A prepared statement is a feature used to execute the same (or similar) SQL statements repeatedly with high efficiency. It is also used to prevent sql injections. This is my take, on what happens behind the scene.

Prepared statements are a common thing sql world. It has many benefits like it can execute the same (or similar) SQL statements repeatedly with high efficiency. It can also prevent one of the biggest security vulnerabilities, SQL injection.

Compared to executing the query directly, there are primarily 3 advantages. Taking these points from w3schools,

  1. Prepared statements reduce parsing time as the preparation on the query is done only once (although the statement is executed multiple times).

  2. Bound parameters minimize bandwidth to the server as you need send only the parameters each time, and not the whole query. At a later time, the application binds the values to the parameters, and the database executes the statement. The application may execute the statement as many times as it wants with different values.

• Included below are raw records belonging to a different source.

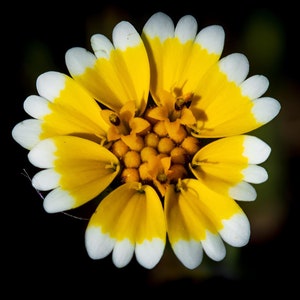 SEEDS ONLY - Tidy Tips &quot;Layia Platyglossa&quot; Ornamental Flowering Plant 500 Fresh Seeds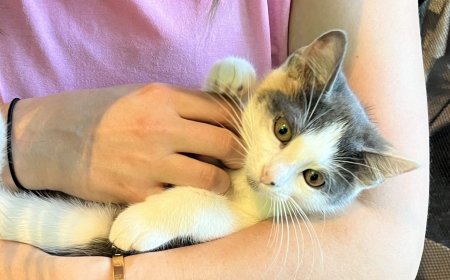 The Snuggle Spot: A Hands-On Sanctuary for DPA! Adoptable Cats
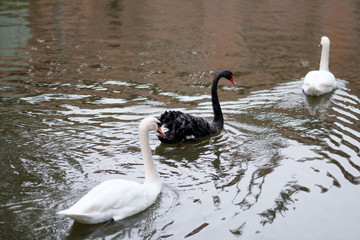 Fototapeta na wymiar Black and White Swans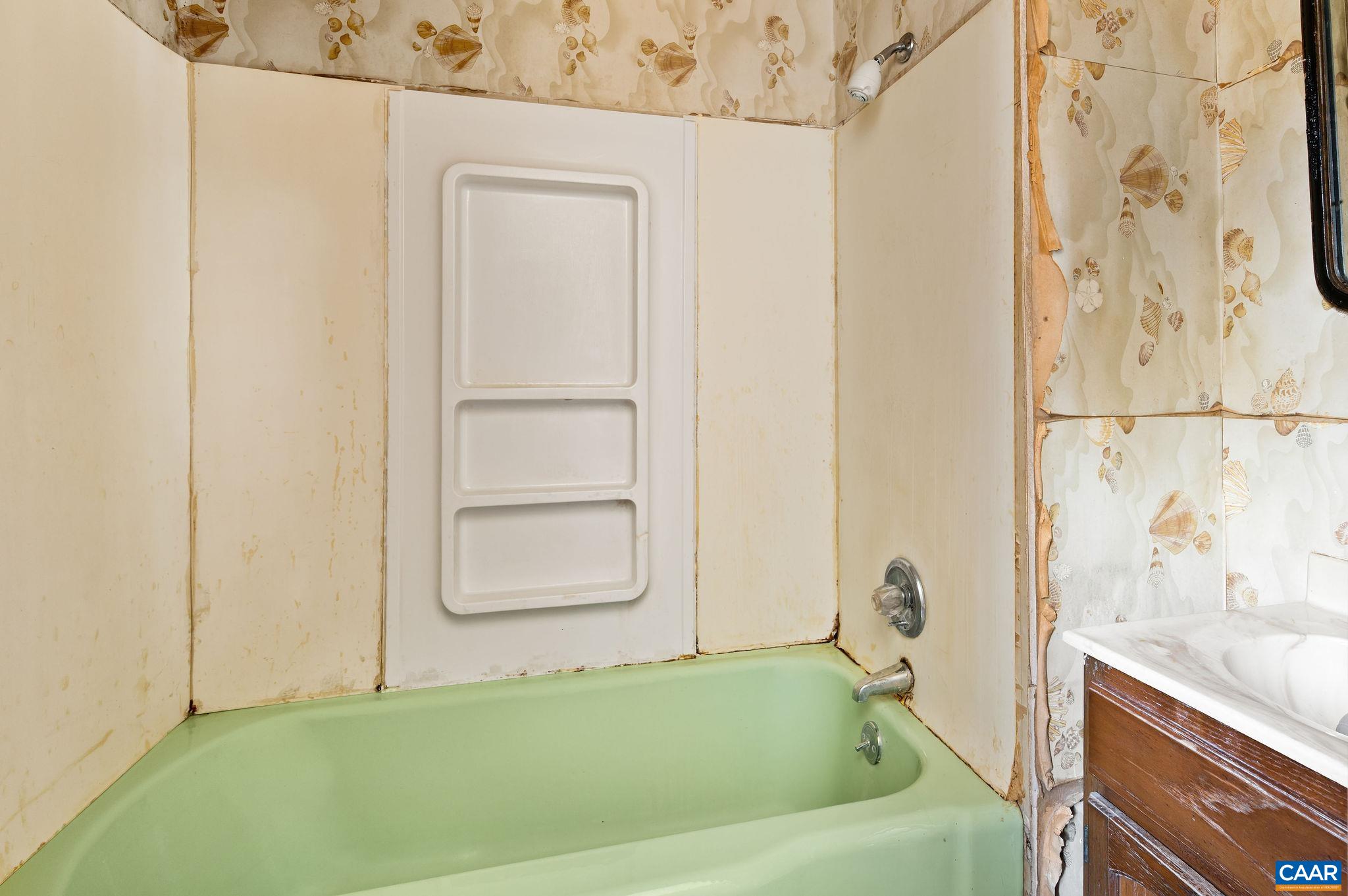 202 Hartmans Mill Road Charlottesville, VA 22902 - Photo 18 of 27 a bathroom with a tub and a shower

  3. Prepared statements are very useful against SQL injections, because parameter values, which are transmitted later using a different protocol, need not be correctly escaped. If the original statement template is not derived from external input, SQL injection cannot occur.

SQL Injections

During an SQL injection attack, the attacker tries to bind malicious sql code with the input parameter. In earlier days, we saw http queries like user?id=1, the id would be an input for the id of the users table. Behind the scene, the backend code is doing making some query using that input.

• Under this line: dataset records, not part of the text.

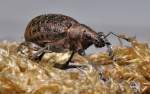 Variabler Plumpf��ler (Liophloeus tessulatus), ...  Fred Biberpelz 15.03.2012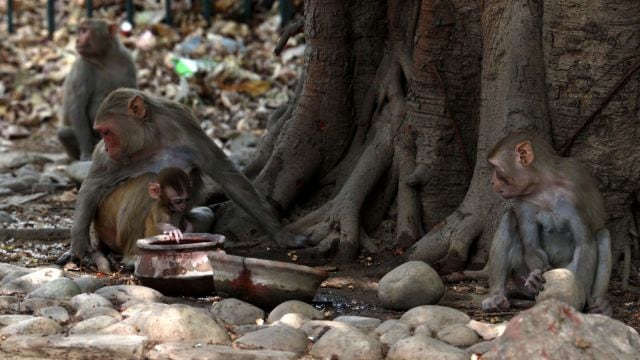 According to police, it is suspected that the monkeys entered the godown aft  the fumigation of grains kept there.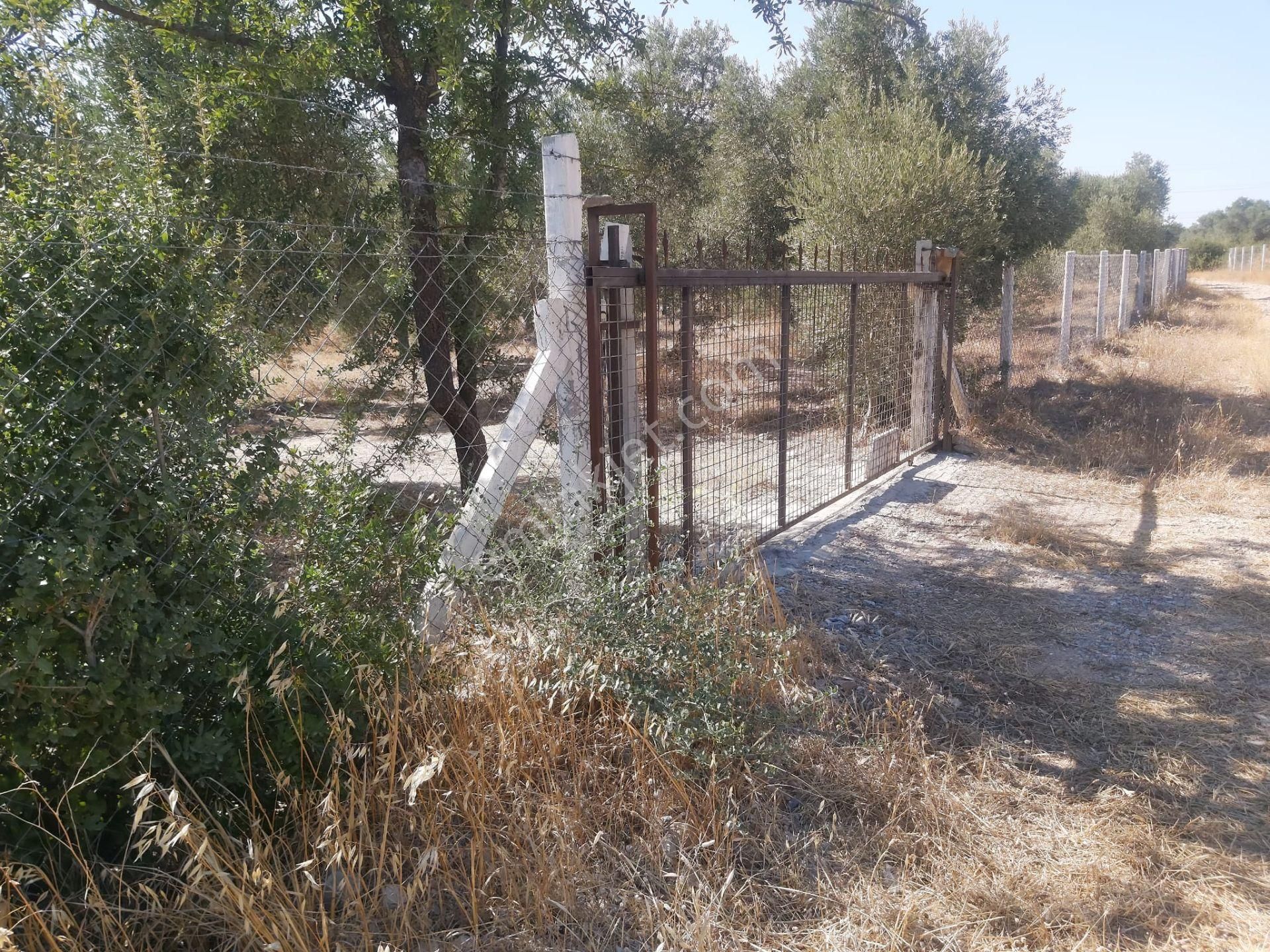 Aydın Didim Fevzipaşa'da İmar Bölgesine Yakın Yol Üstü Satılık Zeytinlik - Görsel 19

Imagine we want to just read the user data from database where the id is $id (from query param). Our sql query would translate to something like this

SELECT (coulmns…) FROM users WHERE id = 1;

But what if the the attacker used the following instead of the id

user?id=1;DROP TABLE users;

As HTTP requests are parsed as strings (primarily), though we want id to be numeric, without proper sanitization the query would be

SELECT (coulmns…) FROM users WHERE id = 1; DROP TABLE users;

And given that there is sufficient permissions, this query would execute and drop the users table; A permanent mutation.

Prepared Statements

This can be prevented by using prepared statements. The root cause of that problem was not separating the sql code and input data. And the query and the data are sent to the database server separately.

Using prepared statements, we’ll have something like

SELECT (columns…) FROM users where id=?"

and data would be **1**;

As our SQL query is a valid program as of itself, if we are directly making a query, we are dynamically building the query aka program in the runtime and sending it to the sql server, but using prepared statements, we first send the query *SELECT (columns…) FROM users where id=?”* first. And thats our program.

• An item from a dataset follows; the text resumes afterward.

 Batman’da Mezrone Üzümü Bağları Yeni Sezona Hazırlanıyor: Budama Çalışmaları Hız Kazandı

Now, this program needs 1 (id=?) parameter in this example. Now we send the second piece, our data is $data=1;

In this approach, our core SQL program (the query) can not be altered, the second request is only feeding the data itself.

Command vs Data

Or to execute or not to. So what happens if we still use the same input ?id=1;DROP TABLE users; ? Well, the input is not parsed, neither executed. Imagine having an executable but not executing it.

Lets take a look at the following code,

$data = "1; DROP TABLE users;"
$db->prepare("SELECT (columns…) FROM users WHERE id=?");
 
$db->execute($data);

Shouldn’t this also translate to the same query? Well, the answer is no. AS mentioned, the query is a command that is executed, the data is not. For our instance, the data *1; DROP Table users* would fail to find a valid result.

Here are some scenarios,

  • If we have proper constraints and imagine the id column is numeric (eg int) the query should not return any results because *1;DROP TABLE users;* is not a numeric value and not compareable.

  • If we don’t have proper constraints and id is not numeric either. Say its a text field well, its used as value and the query translate to something like *SELECT (columns…) FROM users WHERE id=”1; DROP TABLE users”;*. The *1; DROP TABLE users”;* portion is the data. In direct queries and sql injections, this would translate to *1* being the data and the later part would be a query, acting as data but also being executed, causing the injection.

  • If its a write query in this scenario, given its numeric, it’ll cause an error because that payload is not a numeric value, and if it’s a text field, it will be inserted in the field. In summary, it will behave according to the constraints but WILL NOT EXECUTE.

But either way, whether we get the results or not (with invalid inputs), and maybe the input was not sanitized, but not getting any results are not an vulnerability.

Simple, yet amazing, is it not?

Feel free to point out any mistakes I’ve made.